The documentation should include details of how to contact the author. Even if it doesn't, there's email@example.com. Also, there's a Response Tracker site for the whole of CPAN at http://rt.cpan.org - it's worth raising a ticket here, as everyone will be able to see it. RT is also a good place to post patches.
CPAN: good or bad?
As the entry bar to authoring is very low, it may be the case that 90% of CPAN is complete rubbish. But I cite Ted Sturgeon: it's the other 10% that counts! Besides the cpan-testers with their automated smoke test, there's also a published CPAN kwalitee index for each module. There's even a special place for joke modules: the ACME:: namespace.
Modules generally come with their own unit tests. This is not always the case, and The Phalanx Project aims to address this lack for a number of key modules.
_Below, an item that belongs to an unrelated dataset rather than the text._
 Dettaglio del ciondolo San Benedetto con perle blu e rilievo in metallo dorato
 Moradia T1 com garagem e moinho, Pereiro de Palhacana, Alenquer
When it comes to documentation, Annocpan is a place to add notes to an existing module.
Despite the incentive to reuse code, there's a great proliferation of wheel reinventing, which some may regard as unhealthy. But TIMTOWDI is after all, part of Perl's philosophy. Finding the right module can often be non-trivial, and probably counts for much traffic on Perlmonks. Flexibility is the name of the game in Perl, and people go to great lengths to argue their corner.
However, too much flexibility is a problem from the marketing point of view. Last November (2005), I attended an evening on web frameworks, which had talks on Catalyst, Django and Ruby on Rails. Perl's catalyst lost that debate, as the other two presentations were very slick, and would have appealed to everybody, not just the geeks. Perl's lego approach with CPAN modules is causing a credibility gap, but there are those inside the Perl community, myself included, that want to do something about this.
Present trends have seen the perl 5 core become very stable. This is largely thanks to the work put in by Nicholas Clark release managing in the past few years. This trend is continuing, with what would be new core features appearing as CPAN modules instead.
This is especially true of perl 6, which is being prototyped by Pugs. This is available now, whereas Perl 6 is still a few years away from being released. Dead, no; it's pining for the fjords ;).
When it comes to porting perl 5 modules to perl 6, there will ultimately need to be a separate place (CP6AN) or namespace for the new modules, as they won't play with perl 5. However, perl 6 does promise to be able to interoperate fully with perl 5 modules.
1 2951 authors and 10343 distributions as counted on my minicpan archive.
2 To be clear on the terminology, a module is a single source file - a .pm file, a distribution is a single CPAN download containing one or more modules, packaging, unit tests, optionally some scripts, and anything else the author wants to include. A collection of distributions is called a bundle.